July 2017 Overview
Key drivers of performance during the month included:
- A supportive policy environment, economic backdrop and broad based rise in commodity prices drove strong performance from risk assets.
The Australian dollar rose strongly, reaching its highest level in over a year.
This environment proved to be favourable for portfolios that held relatively larger exposures to hedged developed market equities and non-government debt.
Key factors impacting financial market performance during the month were:
- Global equity markets posted positive returns, buoyed by a strong economic backdrop and supportive fiscal and monetary policy settings in much of the world.
- Domestic equities were flat, as a confluence of factors offset each other.
- The economic backdrop remained strong.
- Key European economic data releases showed that sentiment was improving, while data out of the United States demonstrated that the economic recovery remains resilient. This point was reiterated by US corporate reporting season, with most sectors showing strong revenue and profit growth.

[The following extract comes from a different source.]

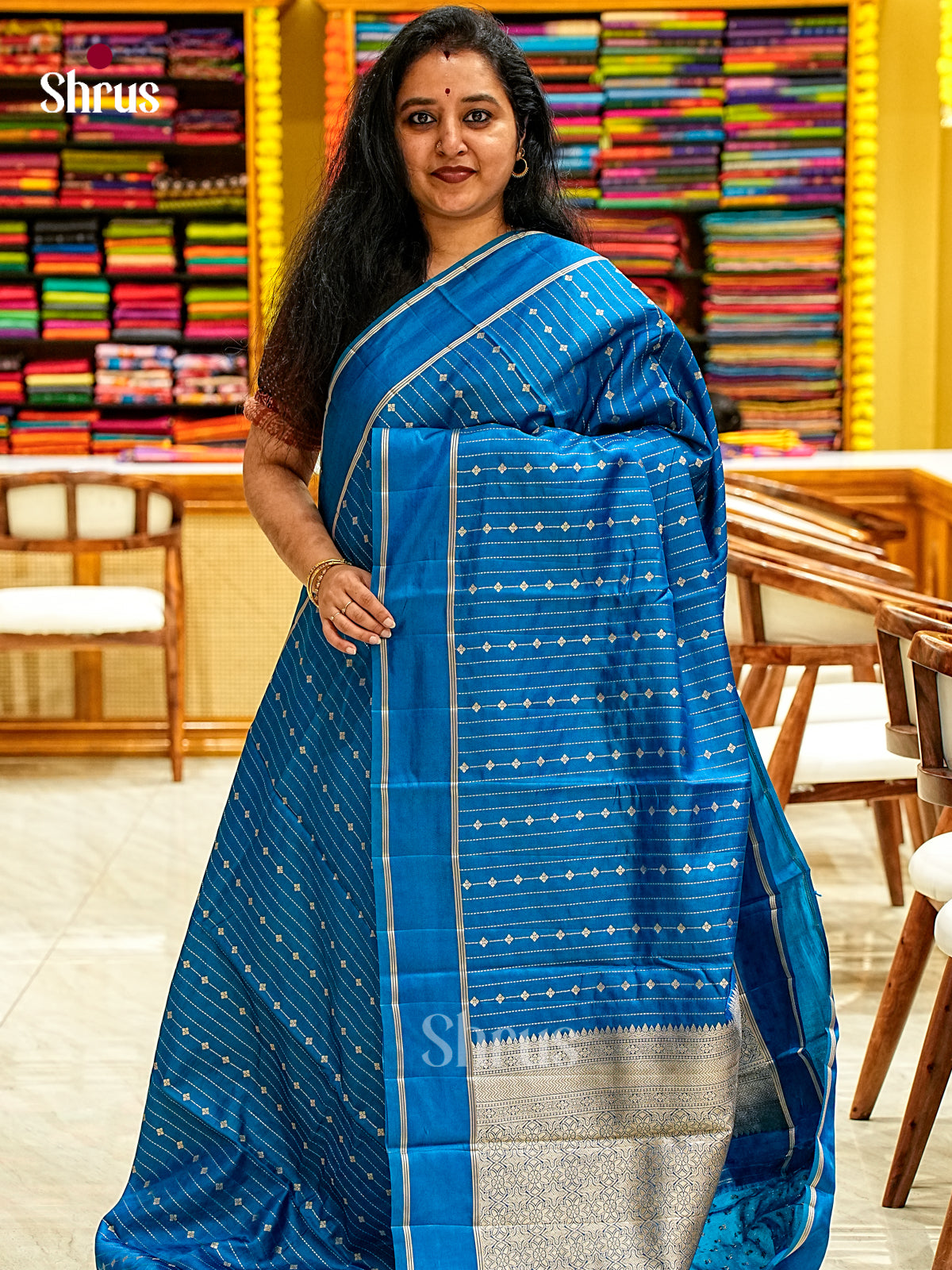 Apoorva Silk Saree - EJ11653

- A supportive policy environment continued to bolster equity markets. Messaging from several central banks continued to support risk assets as investors were assured that supportive policy measures would be removed gradually.

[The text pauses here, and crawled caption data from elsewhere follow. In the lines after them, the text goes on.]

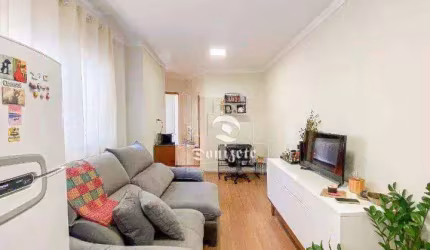 Cobertura com 2 dormitórios à venda, 82 m² por R$ 499.000,00 - Jardim Bela Vista - Santo André/SP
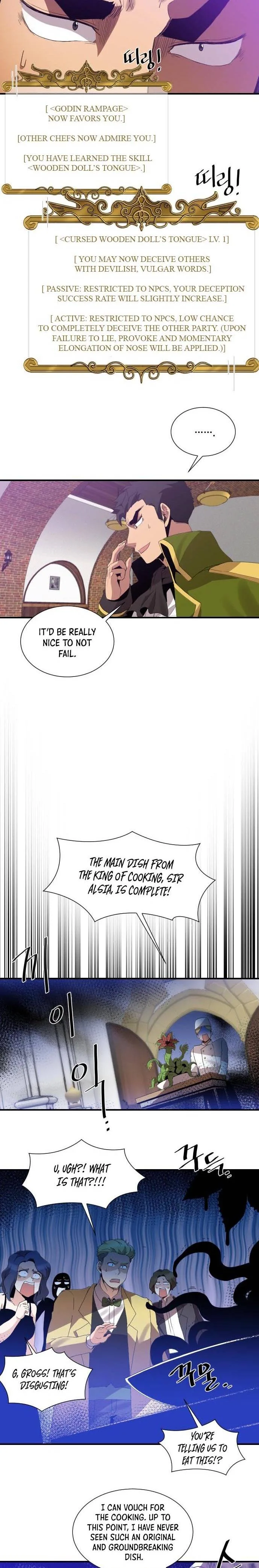 The Strongest Florist Chapter 47 page 7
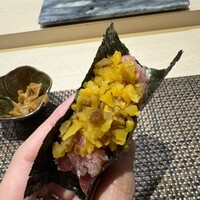 八重洲 鮨 海味 - 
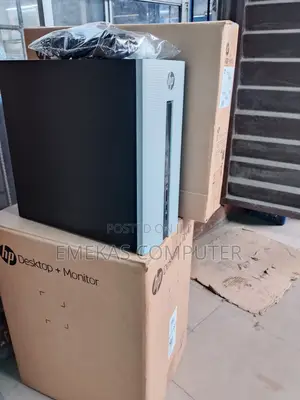 New Desktop Computer HP Pavilion 570 16GB Intel Core I7 SSD 512GB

- US equities continued to be supported by the hope that Trump would be able to pass the more business friendly aspects of his legislative agenda.

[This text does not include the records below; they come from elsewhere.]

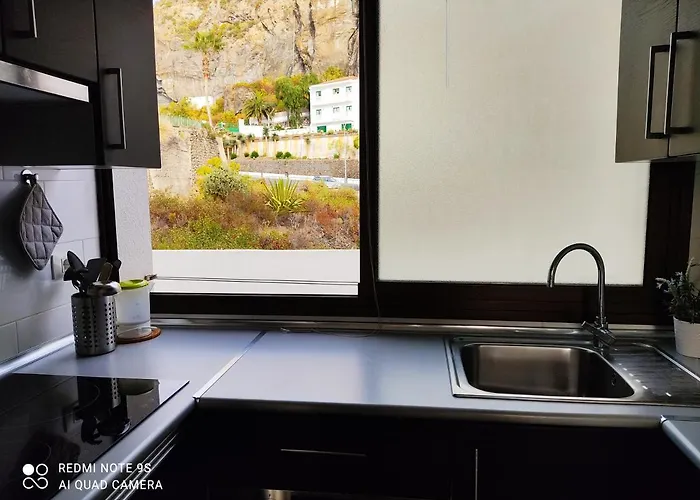 Sea Loft With A Huge Bed * 이코드레로스비노스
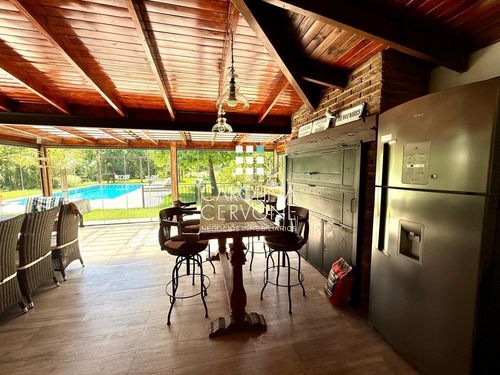 Casa Chalet En Alq. Temporario En Santa Maria De Tigre, Rincón De Milberg, Tigre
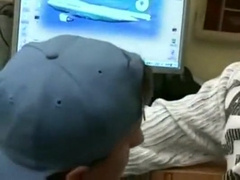 Hot Hookup With College Guy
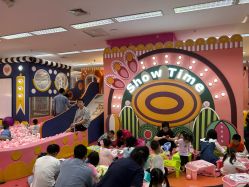 -孩子王童乐园(广州南沙万达店)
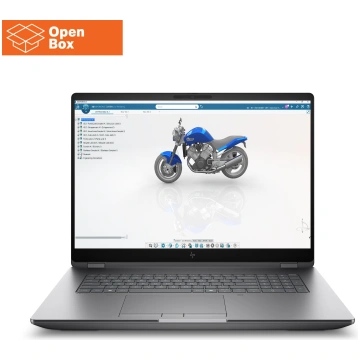 HEWLETT-PACKARD HP ZBook Fury G1i Mobile Workstati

- Domestic equities were flat. On the positive side, a rise in iron ore and oil prices boosted the commodity sensitive parts of the market, while an improvement in economic outlook bolstered consumer orientated sectors.
- These positives were offset by a rise in the Australian dollar, which weighed on the currency sensitive, export orientated pockets of the market.
- Global government bond markets produced positive returns.
- Driving this result was central bank commitment to a gradual approach to increasing interest rates, as well as a fall in investor expectations of future inflation.
- Corporate bonds and emerging market debt were especially strong as the risk premiums that investors demand for holdings these assets declined.
- Currency market movements were driven by similar themes to risk assets.
- The Australian dollar rose strongly as key commodity prices rose, a theme that also saw emerging market currencies appreciate.
- The US dollar continued its recent run of weakness, as the US Federal Reserve left interest rates on hold and reiterated their gradual approach to increasing interest rates.